Surprise! Fundraising actually got easier in Q1, Triago says

Fundraising was easier and quicker for many GPs during the first three months of the year, according to the Triago Quarterly.

Fund managers raised $99 billion in first quarter, Triago said. The Q1 total is the highest since 2008 and pushed dry powder to a record $1.1 trillion, the report said.

Investors, through the end of April, received some $22 billion in net cash from realized PE investments and distributions, the global placement agent said. Due to high distributions and a strong global stock market, more than 40 percent of investors are below their target allocations in PE. This is prompting many LPs to invest “considerably more” in PE than they were a year ago, Triago said.

“As a result, fundraising has eased for many general partners, with the time it takes to raise funds falling and significantly fewer funds failing to hit planned levels,” Triago said.

Fundraising could rise to $461 billion this year, up 10 percent from Triago’s revised total of $419 billion last year, the placement agent said.

Still, some investors are cautious.
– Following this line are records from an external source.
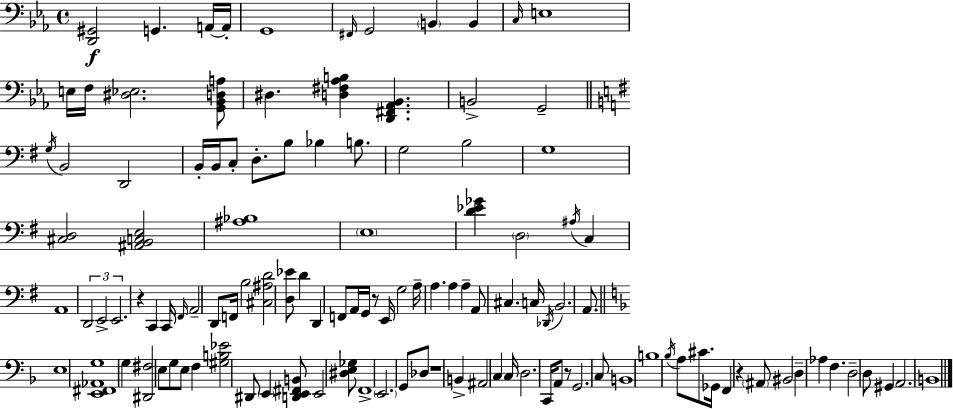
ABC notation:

X:1
T:Untitled
M:4/4
L:1/4
K:Cm
[D,,^G,,]2 G,, A,,/4 A,,/4 G,,4 ^F,,/4 G,,2 B,, B,, C,/4 E,4 E,/4 F,/4 [^D,_E,]2 [G,,_B,,D,A,]/2 ^D, [D,^F,_A,B,] [D,,^F,,_A,,_B,,] B,,2 G,,2 G,/4 B,,2 D,,2 B,,/4 B,,/4 C,/2 D,/2 B,/2 _B, B,/2 G,2 B,2 G,4 [^C,D,]2 [^A,,B,,C,E,]2 [^A,_B,]4 E,4 [D_E_G] D,2 ^A,/4 C, A,,4 D,,2 E,,2 E,,2 z C,, C,,/4 ^F,,/4 A,,2 D,,/2 F,,/4 B,2 [^C,^A,D]2 [D,_E]/2 D D,, F,,/2 A,,/4 G,,/4 z/2 E,,/4 G,2 A,/4 A, A, A, A,,/2 ^C, C,/4 _D,,/4 B,,2 A,,/2 E,4 [E,,^F,,_A,,G,]4 G, [^D,,^F,]2 E,/2 G,/2 E,/2 F, [^G,B,_E]2 ^D,,/2 E,, [D,,E,,^F,,B,,]/2 E,,2 [^D,E,_G,]/2 F,,4 E,,2 G,,/2 _D,/2 z4 B,, ^A,,2 C, C,/4 D,2 C,,/4 A,,/2 z/2 G,,2 C,/2 B,,4 B,4 _B,/4 A,/2 ^C/2 _G,,/4 F,, z ^A,,/2 ^B,,2 D, _A, F, D,2 D,/2 ^G,, A,,2 B,,4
Triago cited the record amount of uninvested capital and near-record purchase price multiples that are causing some LPs, like the California Public Employees’ Retirement System and Yale University, to trim target allocations.

The Triago Quarterly also spoke to two LPs and a GP about the increasing popularity of real assets. The sector includes areas like oil and gas, mines and toll roads, Triago said. Fundraising for real asset PE funds soared 147 percent to roughly $12 billion in first quarter, the placement agent said.

Other notables in the Quarterly include:

— Secondary volumes hit “unprecedented highs” during the first four months, with $11 billion of exiting PE funds changing hands.

— Funds now take four years on average to invest over half of committed capital, which creates a big drag on returns.

— In the United States, 74 funds wrapped up fundraising during the first three months. Nearly all, or 95 percent, closed on their targeted levels, according to Pitchbook data. This is up from 80 percent in 2013.

— Good news in Asia. Funds for that region held final closes on $9.1 billion in Q1, accounting for more than 9 percent of all capital raised, Triago said. This compared to 3 percent for the same time period last year. Asian funds collected 5x more than the combined totals for Africa, Eastern Europe, the Middle East and Latin America, which all saw fundraising drop significantly compared to Q1 in 2013, Triago said.